• Work item: Exact copies of all the lines below are wanted, without a single picture.

• Information shown:
_ _ _
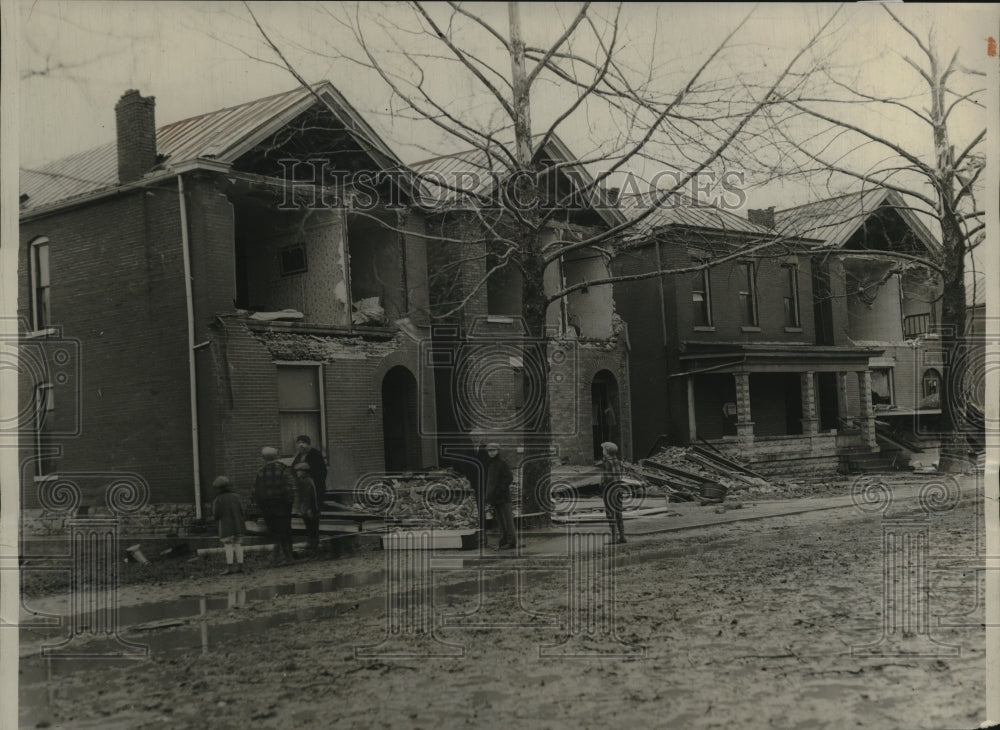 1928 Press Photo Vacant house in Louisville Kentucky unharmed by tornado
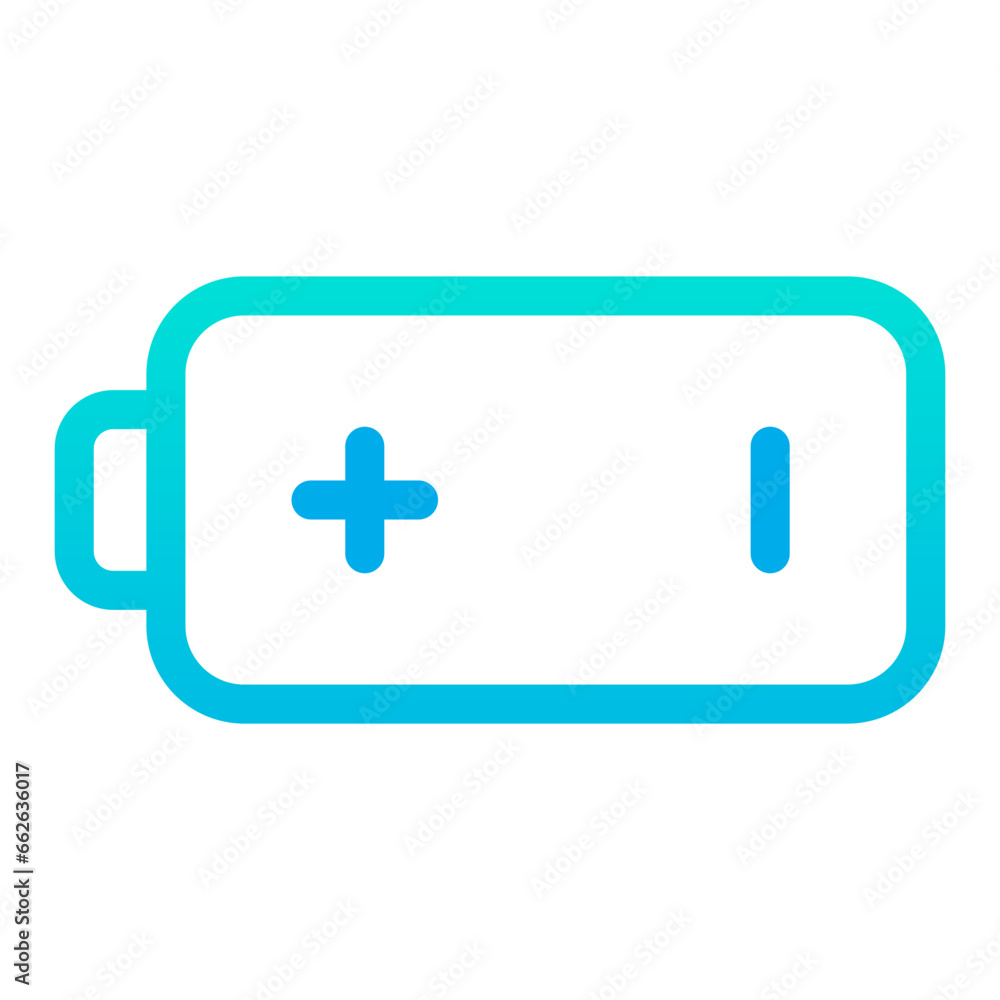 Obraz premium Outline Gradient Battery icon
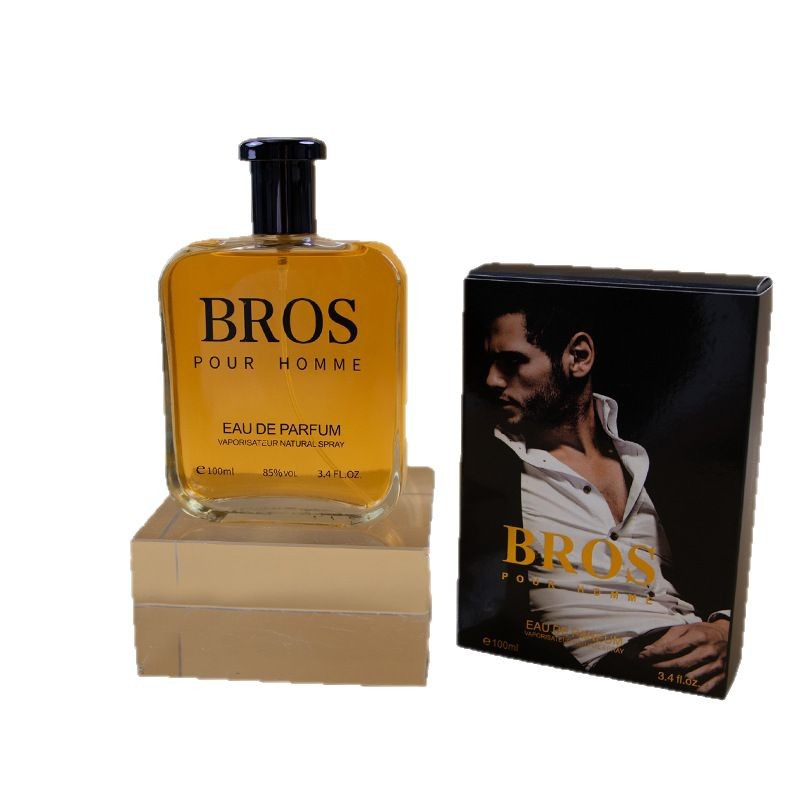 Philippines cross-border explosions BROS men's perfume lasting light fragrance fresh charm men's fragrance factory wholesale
_ _ _
• Solved exercise:
 1928 Press Photo Vacant house in Louisville Kentucky unharmed by tornado
 Obraz premium Outline Gradient Battery icon
 Philippines cross-border explosions BROS men's perfume lasting light fragrance fresh charm men's fragrance factory wholesale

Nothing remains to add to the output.